======== RECORDS FOR THE TASK ========

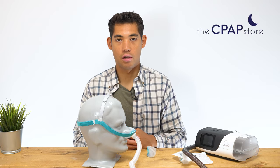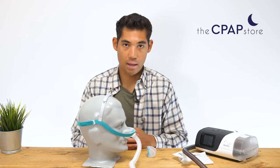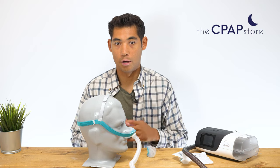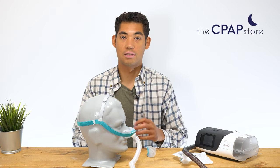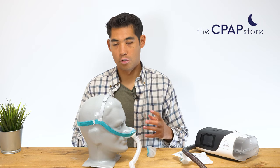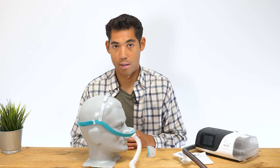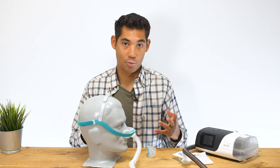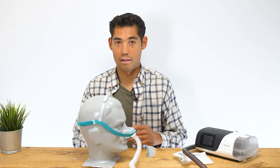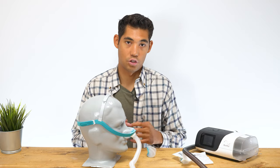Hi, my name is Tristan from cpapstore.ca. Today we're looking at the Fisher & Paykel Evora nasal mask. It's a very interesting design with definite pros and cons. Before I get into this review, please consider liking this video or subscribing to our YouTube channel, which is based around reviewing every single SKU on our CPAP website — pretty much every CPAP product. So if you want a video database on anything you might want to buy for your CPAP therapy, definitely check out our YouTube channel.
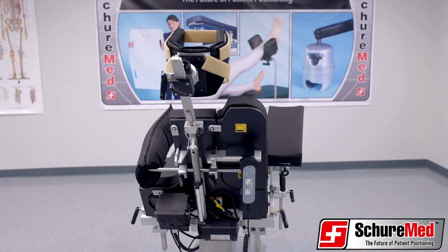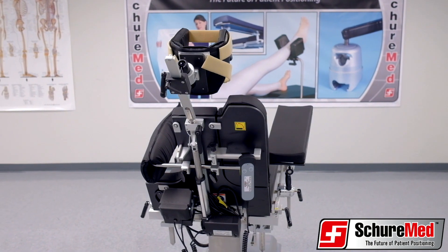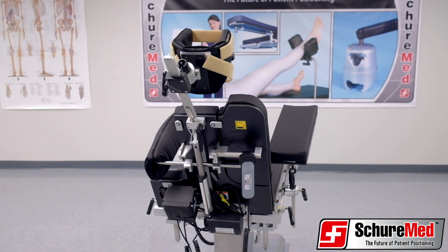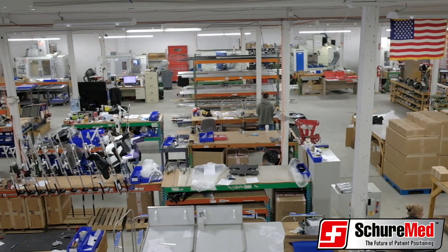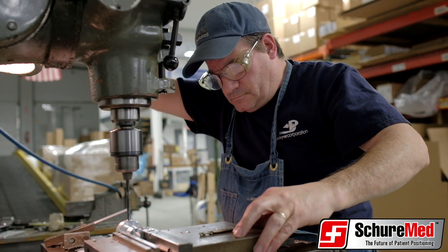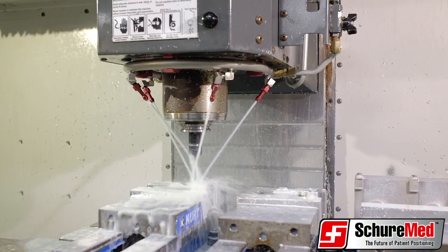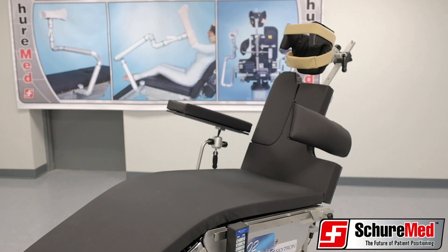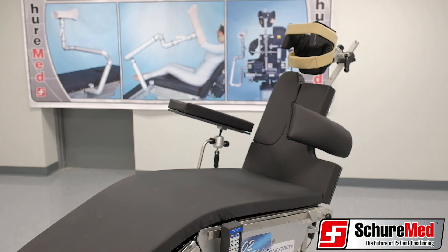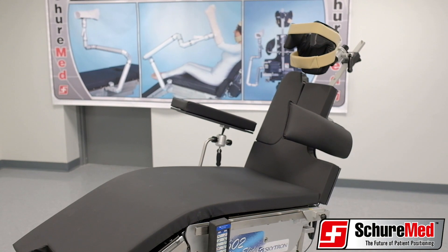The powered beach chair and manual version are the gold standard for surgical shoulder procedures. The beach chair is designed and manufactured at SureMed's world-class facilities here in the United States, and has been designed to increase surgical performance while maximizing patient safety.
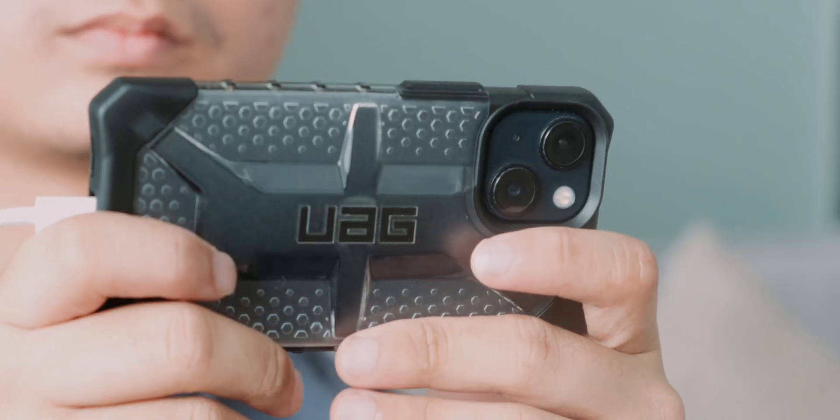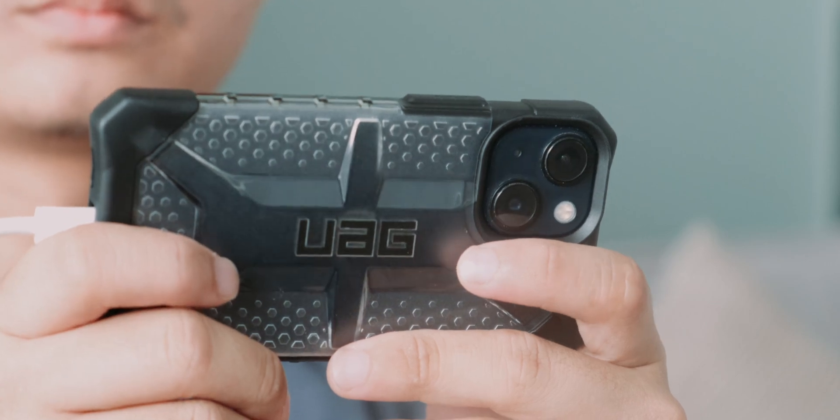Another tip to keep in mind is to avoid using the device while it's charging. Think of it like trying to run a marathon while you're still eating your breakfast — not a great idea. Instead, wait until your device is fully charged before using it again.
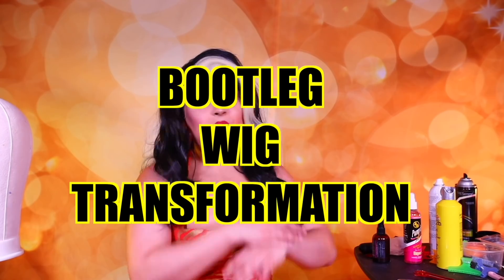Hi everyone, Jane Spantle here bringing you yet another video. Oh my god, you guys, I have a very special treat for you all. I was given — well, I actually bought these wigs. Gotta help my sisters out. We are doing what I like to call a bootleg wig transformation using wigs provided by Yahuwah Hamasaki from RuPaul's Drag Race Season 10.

========
======== RECORDS FOR THE TASK ========

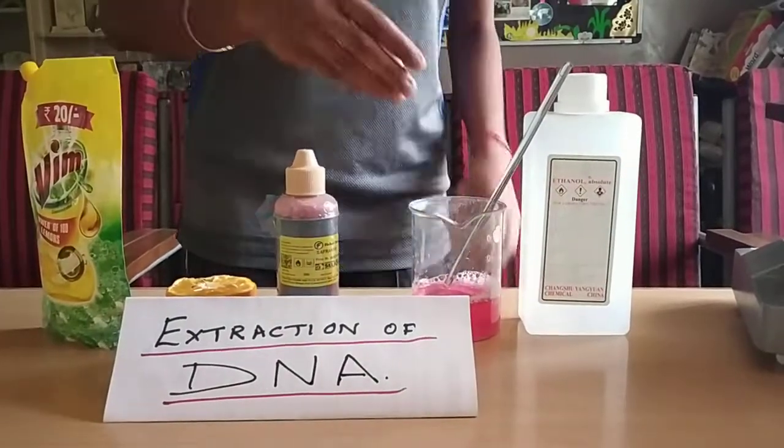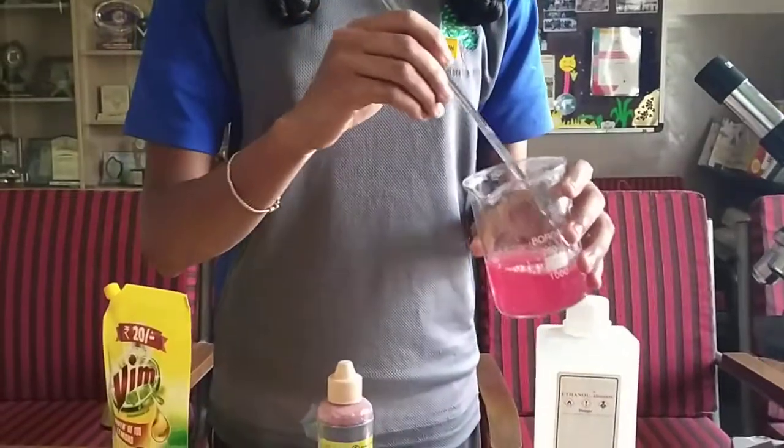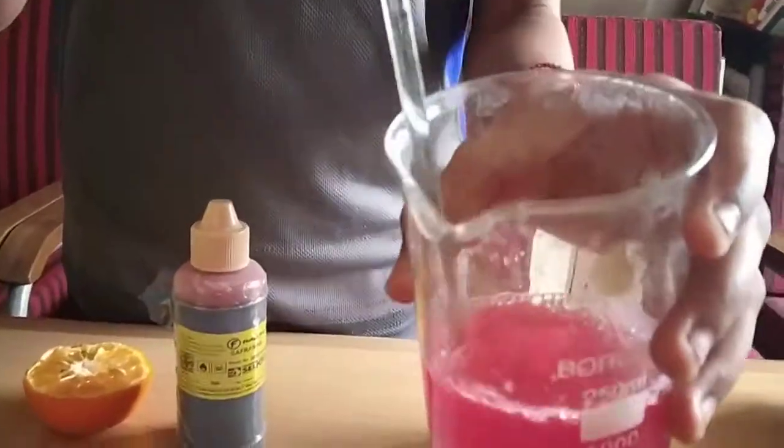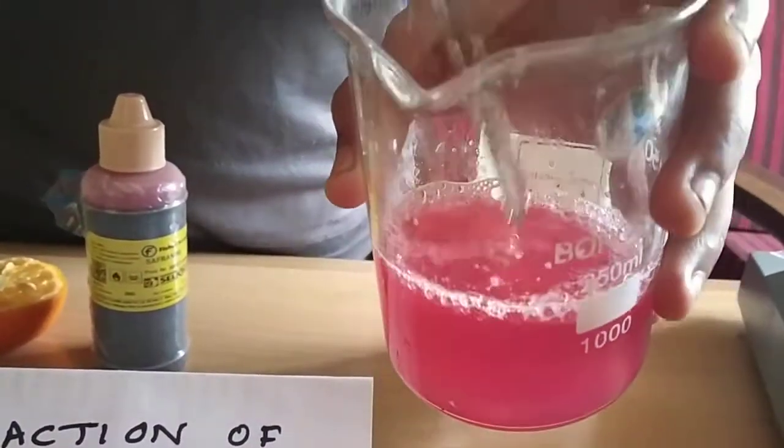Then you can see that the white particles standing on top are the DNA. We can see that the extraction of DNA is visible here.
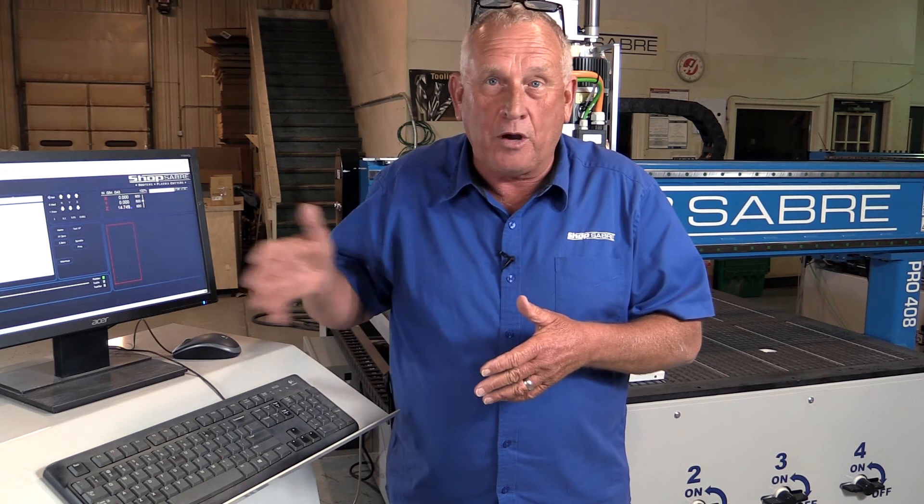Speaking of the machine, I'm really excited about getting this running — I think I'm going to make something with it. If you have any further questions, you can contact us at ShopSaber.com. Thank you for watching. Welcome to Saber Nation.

========

■ REQUIREMENT
Nothing but the lines from the one containing "Another tip to" through the one containing "Hi everyone, Jane" should appear, copied exactly from the material above and without pictures.

■ TASK RESULT
Another tip to keep in mind is to avoid using the device while it's charging. Think of it like trying to run a marathon while you're still eating your breakfast — not a great idea. Instead, wait until your device is fully charged before using it again.
Hi everyone, Jane Spantle here bringing you yet another video. Oh my god, you guys, I have a very special treat for you all. I was given — well, I actually bought these wigs. Gotta help my sisters out. We are doing what I like to call a bootleg wig transformation using wigs provided by Yahuwah Hamasaki from RuPaul's Drag Race Season 10.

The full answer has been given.